A Justiça de São Paulo adiou nesta sexta-feira o julgamento do ex-seminarista Gil Rugai, acusado de matar o pai e a madrasta, em 2004. A decisão atende a pedido da defesa do réu, que quer um novo exame de DNA nos respingos de sangue encontrados na casa das vítimas. O 5º Tribunal do Júri ainda não marcou nova data.

O júri estava previsto inicialmente para 12 de dezembro de 2011 e foi remarcado para o dia 26 de março. Em despacho, o juiz Emanuel Brandão Filho considerou que a preparação, realização do exame e elaboração do laudo demandam tempo, o que prejudicaria a sessão de julgamento na data marcada.

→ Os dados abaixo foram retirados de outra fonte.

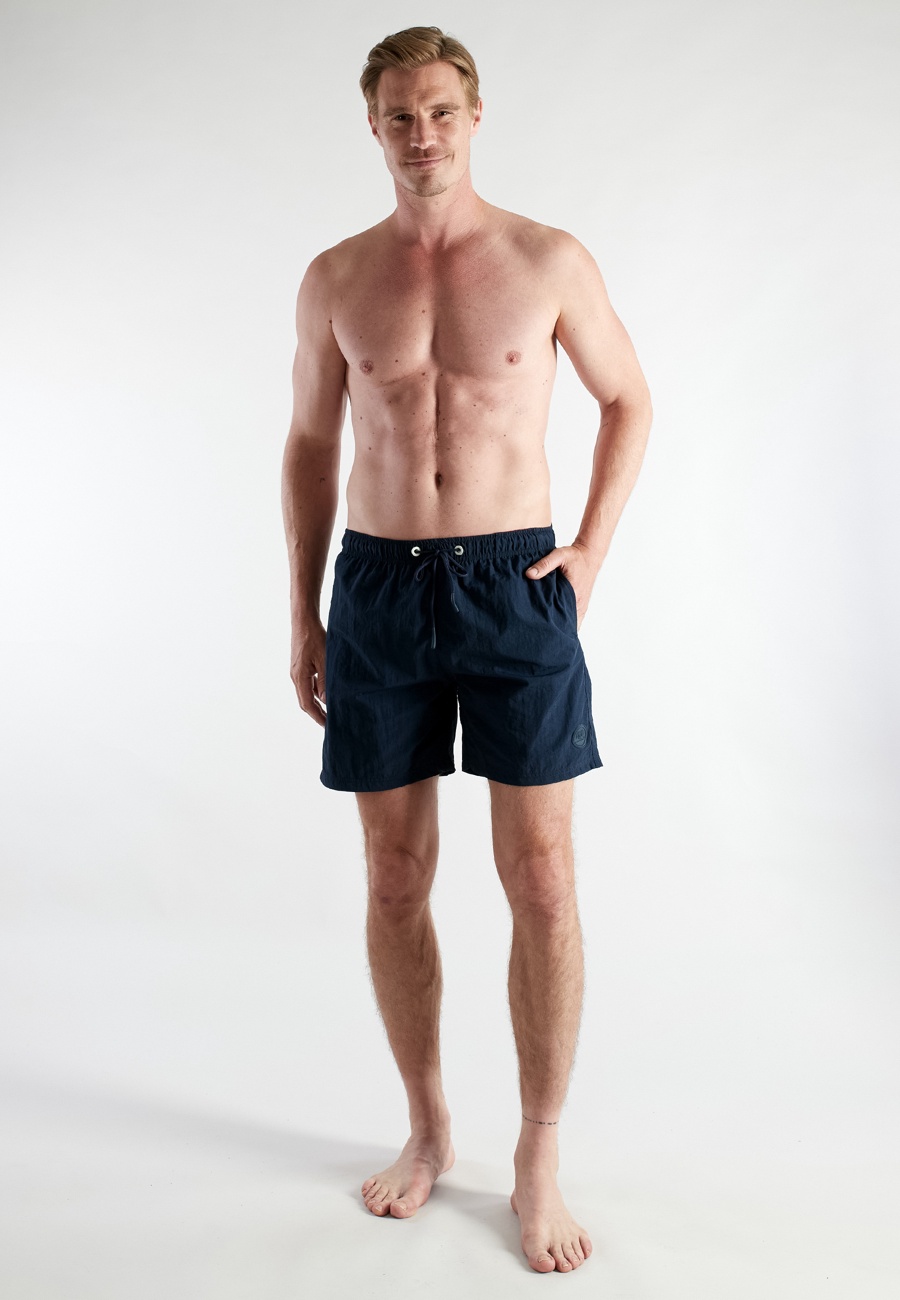 Herren Badehose blau uni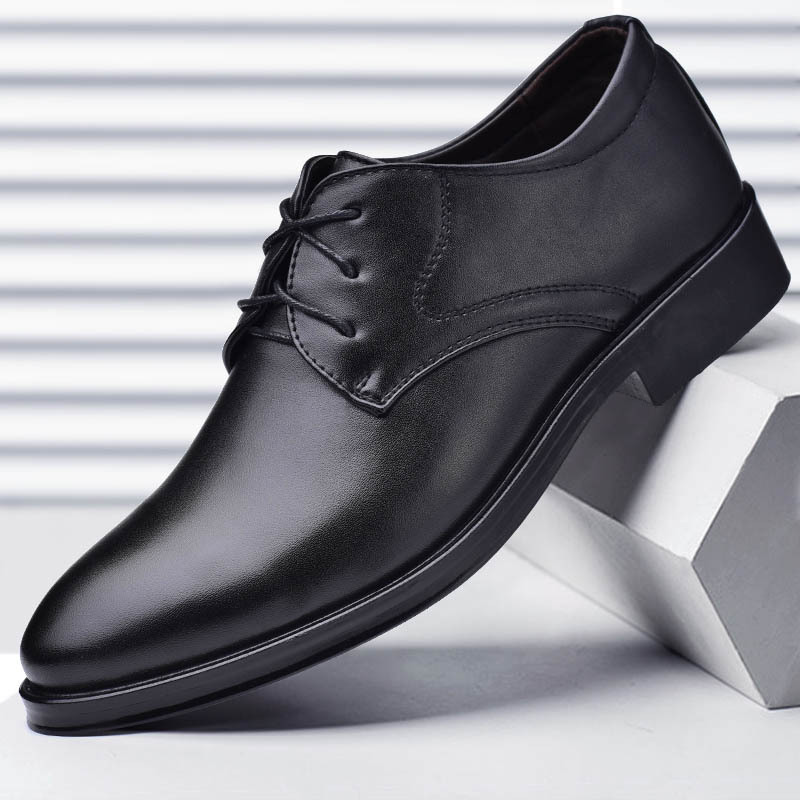 Chaussures provoqué en cuir à  - Men Shoes Clearance avis et prix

O crime aconteceu em 28 de março, na casa onde vivia o pai do ex-seminarista, o publicitário Luiz Carlos Rugai, e a namorada, Alessandra de Fátima Troitino, na zona oeste da capital paulista. Gil Rugai foi preso dias depois, como principal suspeito. Ele havia sido expulso de casa depois de o pai descobrir um desfalque de R$ 100 mil em sua produtora. Na época, ele negou os crimes.

Gil Rugai ficou preso até 2006, quando recebeu o benefício de responder ao processo em liberdade. Em 2009, no entanto, o acusado foi novamente preso porque se mudou para a cidade de Santa Maria, no Rio Grande do Sul, sem avisar à Justiça. Ele foi liberado dias depois devido a um habeas-corpus no Supremo Tribunal Federal (STF).